= Streamlined filing compliance procedures =

The streamlined filing compliance procedures (called the streamlined procedures for short when the context is clear) is a set of procedures offered by the Internal Revenue Service in the United States to help United States taxpayers (individual taxpayers or couples filing jointly only; institutions cannot avail of these procedures) get back in compliance on the fronts of paying taxes related to their foreign financial assets as well as submitting all required information returns, after having non-willfully fallen out of compliance in one or more previous tax years.

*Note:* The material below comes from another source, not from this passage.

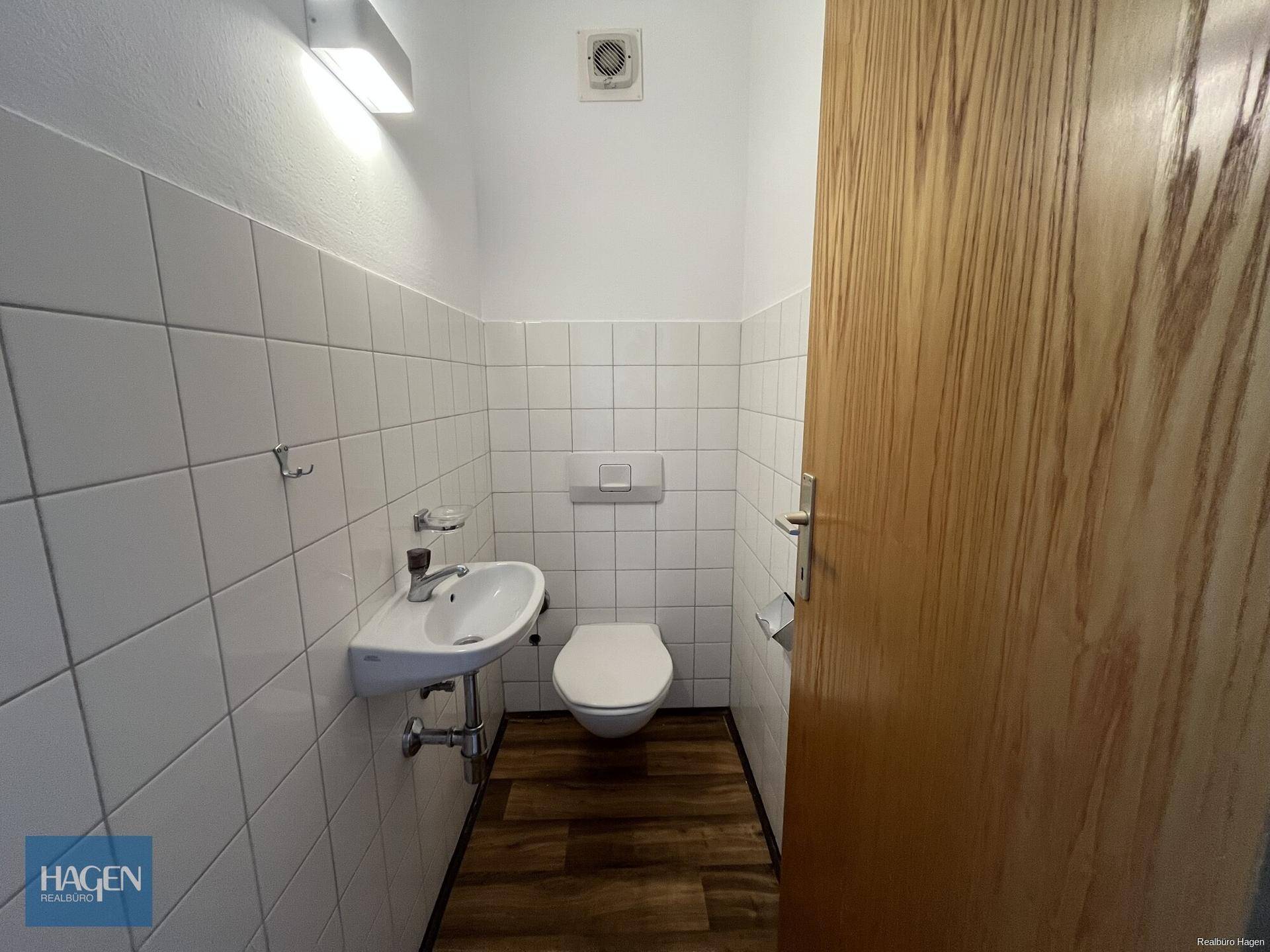 Kleines Gäste-WC mit weißen Fliesen, wandhängendem WC und Waschbecken.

The process used by the IRS to examine submissions under the streamlined filing compliance procedures is described in the Internal Revenue Manual, IRM Section 4.63.3 Offshore Voluntary Disclosure Program, Streamlined Filing Compliance Procedures and Voluntary Disclosure Practice.

==Filing process==

===Foreign versus domestic cases===

There are two versions of the streamlined procedures:
- Streamlined Foreign Offshore Procedures: This version of the procedures is for individual U.S. taxpayers or their estates who meet the non-residency requirement. The form used for these is Form 14653: Certification by U.S. Person Residing Outside of the United States for Streamlined Foreign Offshore Procedures.
  - For United States citizens and lawful permanent residents, this is based on the physical presence test being satisfied for any of the past three years. Specifically, it is defined as follows: "in any one or more of the most recent three years for which the U.S. tax return due date (or properly applied for extended due date) has passed, the individual did not have a U.S. abode and the individual was physically outside the United States for at least 330 full days."
  - For those who are not United States citizens or lawful permanent residents, this is based on the Substantial Presence Test failing for any of the past three years. Specifically, it is defined as follows: "in any one or more of the last three years for which the U.S. tax return due date (or properly applied for extended due date) has passed, the individual did not meet the substantial presence test of IRC section 7701(b)(3)."
- Streamlined Domestic Offshore Procedures: This version of the procedures is for individual U.S. taxpayers who fail to meet the non-residency requirement that would make them eligible for the Streamlined Foreign Offshore Procedures. The form used for these is Form 14654: Certification by U.S. Person Residing in the United States for Streamlined Domestic Offshore Procedures.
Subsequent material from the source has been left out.